Estimated read time: 2-3 minutes
This archived news story is available only for your personal, non-commercial use. Information in the story may be outdated or superseded by additional information. Reading or replaying the story in its archived form does not constitute a republication of the story.
Sam Penrod Reporting A small dairy in Utah County has been ordered to shut down. It just opened a few months ago, and the owner got approval from the city, but that approval was reversed last night. This is the second time Mapleton City has reversed approval for agriculture in the past few months.
The first time was for a snake farm which had already built barns to raise pythons and exotic snakes. Now it is a young dairyman who is being told he'll have to shut down.
Paul Opfar is 28 years old. He decided to live his dream of starting his own dairy on this farmland on the east side of Mapleton. He milks about 50 cows twice a day, every day. "My day starts early at 3 a.m., and it takes me about two and a half hours to milk the cows.

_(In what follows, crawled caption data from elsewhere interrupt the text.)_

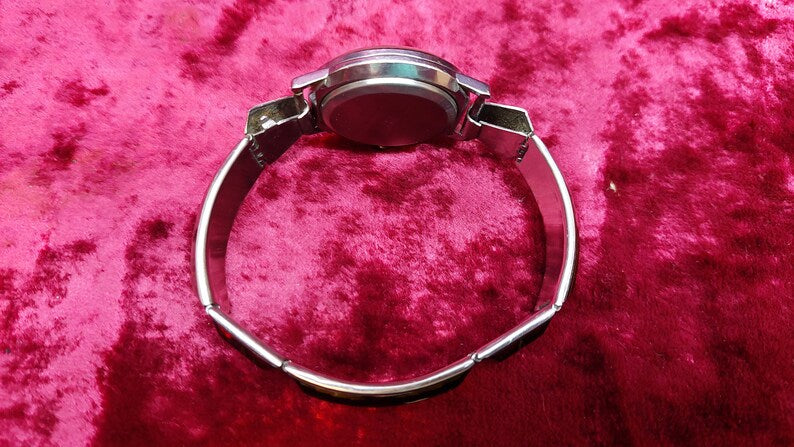 Vintage Watch Bracelet Plexiglass and Metal Handmade USSR Soviet Union Bands & Straps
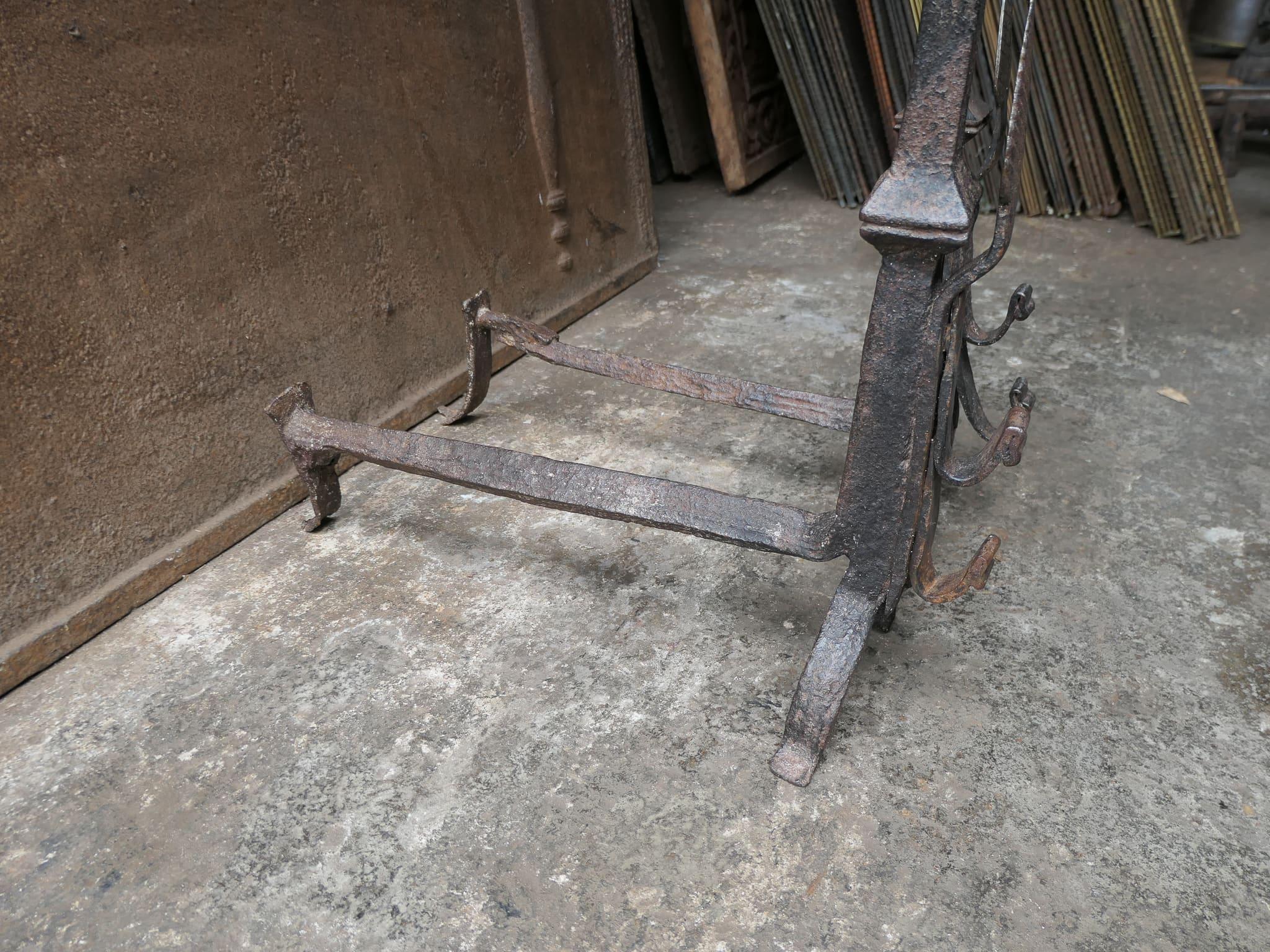 Large French Gothic Style Andirons or Firedogs For Sale 8
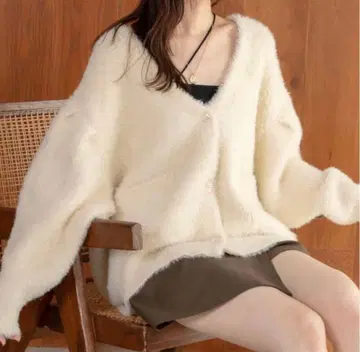 hinari 샤기 니트 가디건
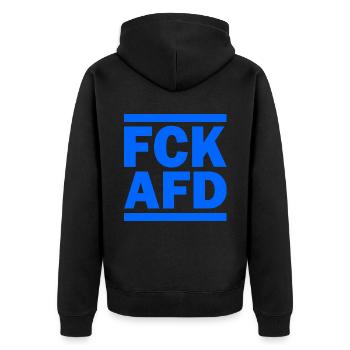 Fck afd - Unisex Premium Bio Zip Hoodie - Schwarz - Hinten - Nico (187cm)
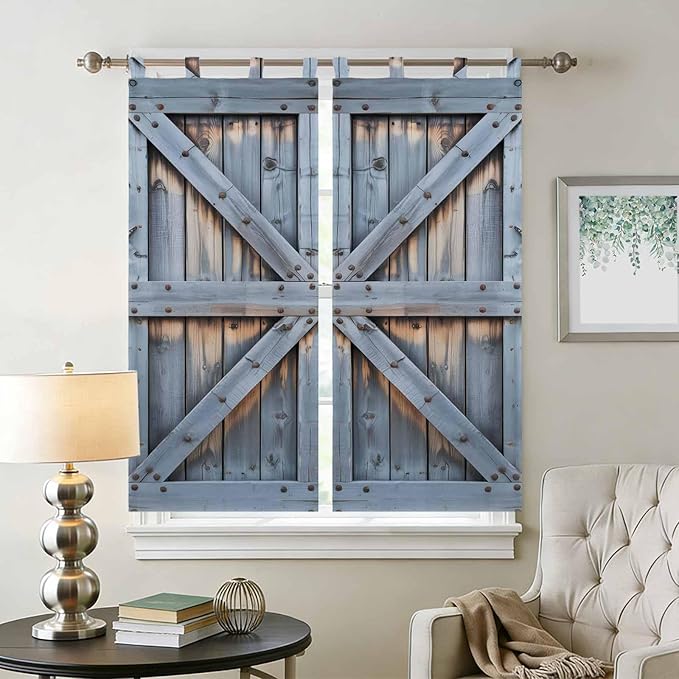 Farmhouse Wood Grain Living Room Curtains 84 Inch Length, Window Curtains Tab Top, Vintage Country Barn Gate Textured Light Filtering Window Treatments Drapes 42"x84" 2 Panel
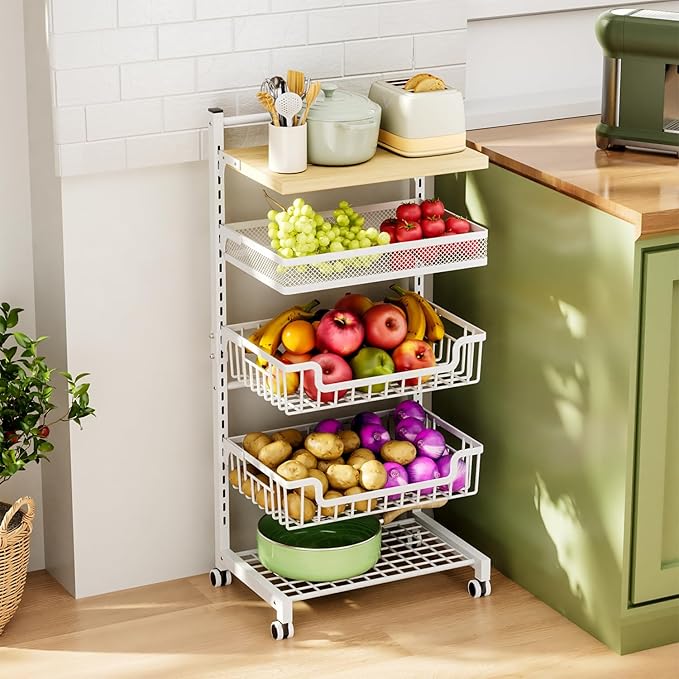 HapiRm Fruit Basket Kitchen Cart - 5 Tier Adjustable Vegetable Storage Rack, Large Capacity Rolling Kitchen Carts on Wheels for Snack Onion and Potato Storage
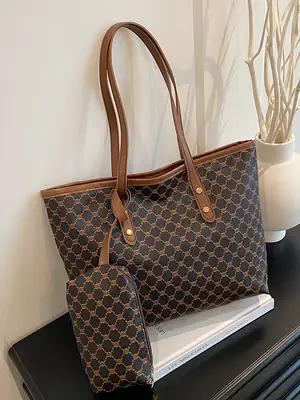 Korean Plaid Shoulder Bag 2025 New High-End Leather Tote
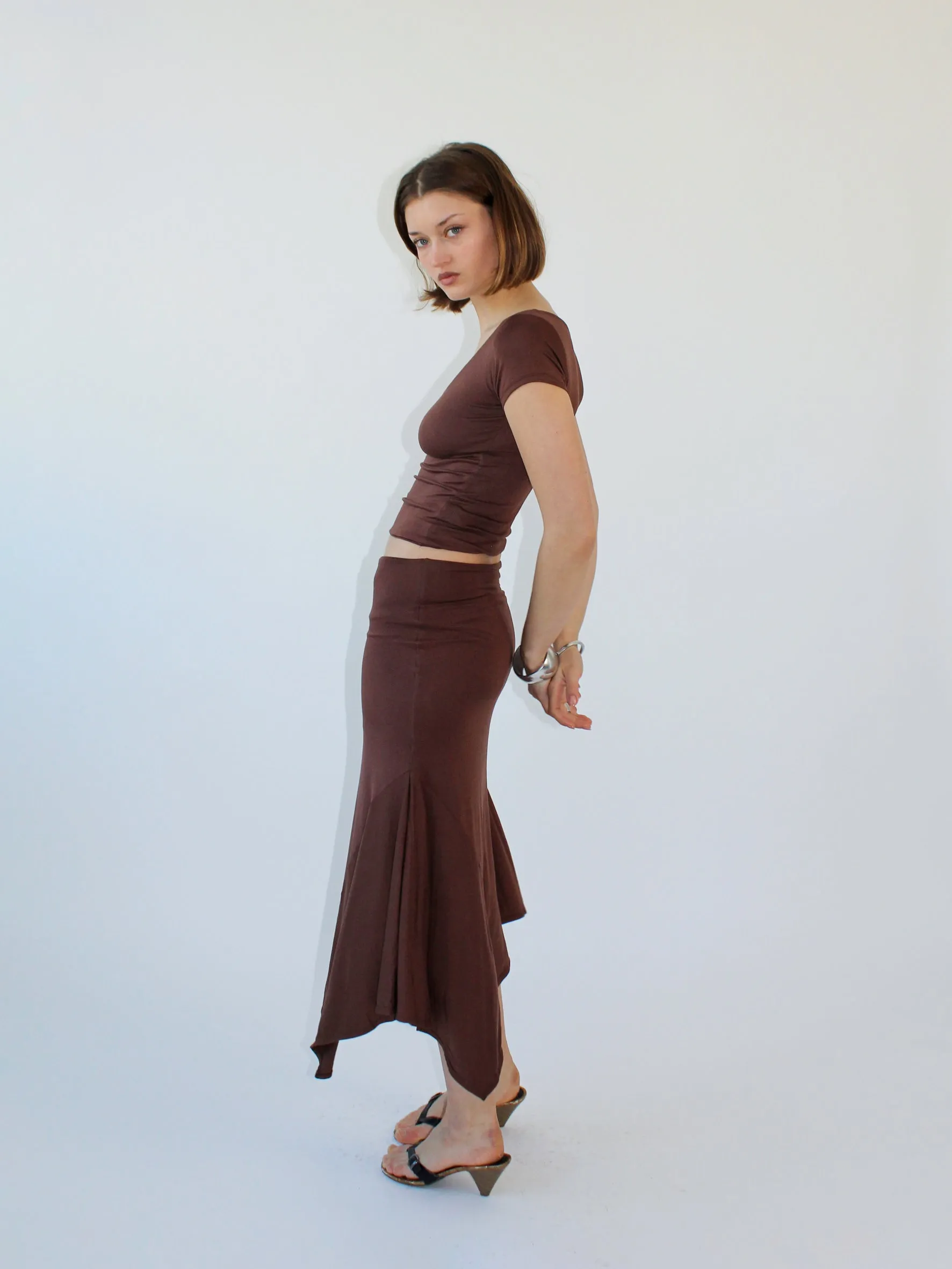 Key Hole Asymmetric Skirt - Coffee sold by Millie Jane product image thumbnail 4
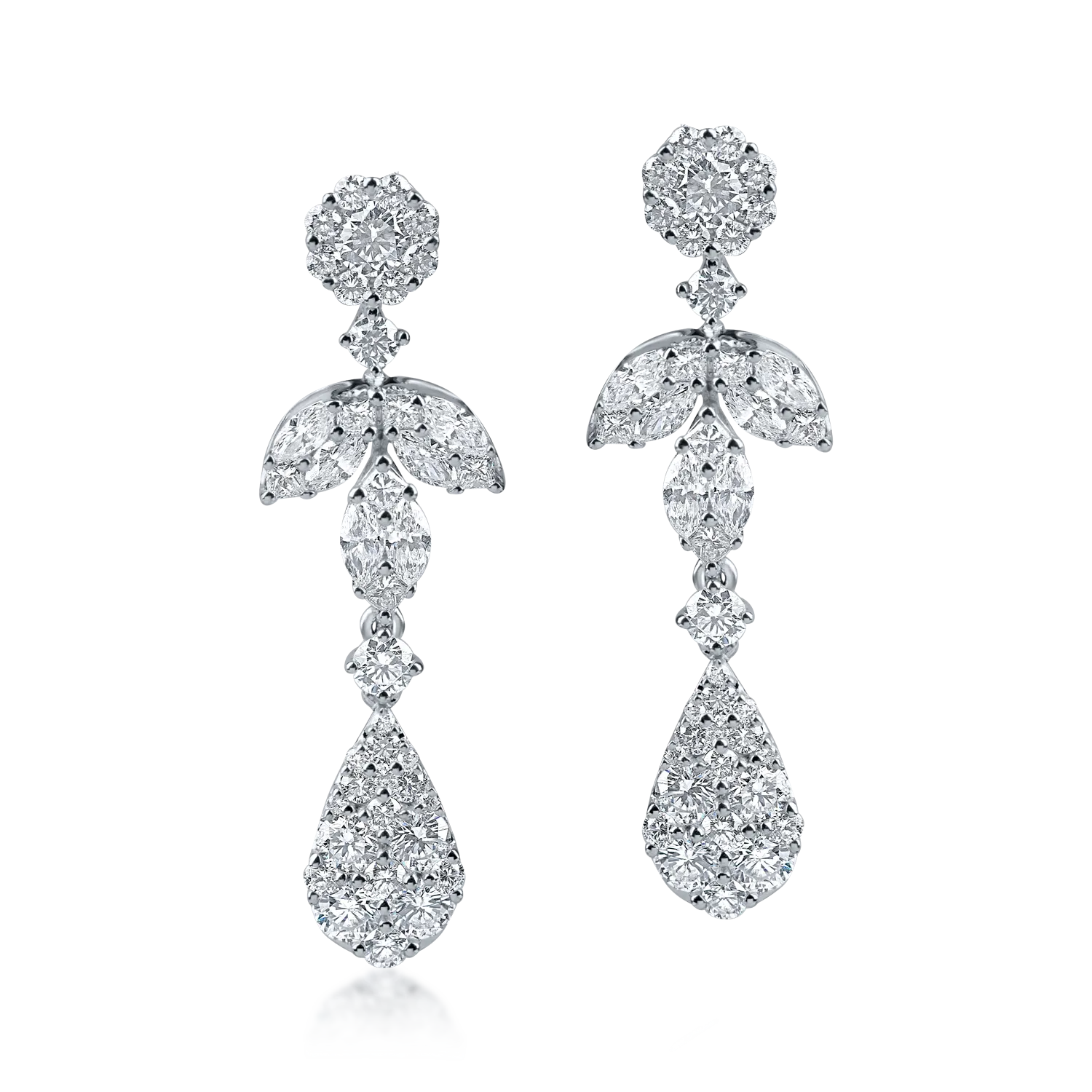 Cercei geometrici din aur alb cu diamante de 2.45ct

I usually get on the road about six and then I have another job in town; I work from 7:00 am to 5:30 pm," Opfar said.
Opfar leased the farm and originally had 120 beef cattle on the property. He got a building permit for his milking barn but after it was built was told he needed another permit. "We started milking the cows, and August 17 we got a letter in the mail saying we needed to apply for a conditional use permit ... went down and took care of that. Then October 21 we got our conditional use permit approved," Opfar told KSL.
Everything was fine until neighbors complained to the city, fearing odor problems or flies from the dairy. "They picked up the farm in 1905, and it's been farmed ever since then, and the current zoning is agriculture," Opfar said.
But last night Mapleton City's Board of Adjustment voted to revoke that conditional use permit for the dairy, giving Opfar 30 days to shut down. He believes the city is more interested in high-priced building lots and houses than allowing anything agricultural. "I am heartbroken because this is something, I mean you don't see an everyday Joe trying to start a dairy farm. A lot of people think I'm crazy. It was good, but I am disappointed for sure," Opfar said.
KSL talked with the city attorney, who says the city wasn't convinced the dairy could keep the odor and flies from disturbing the neighbors. Opfar says he is considering his options, including an appeal.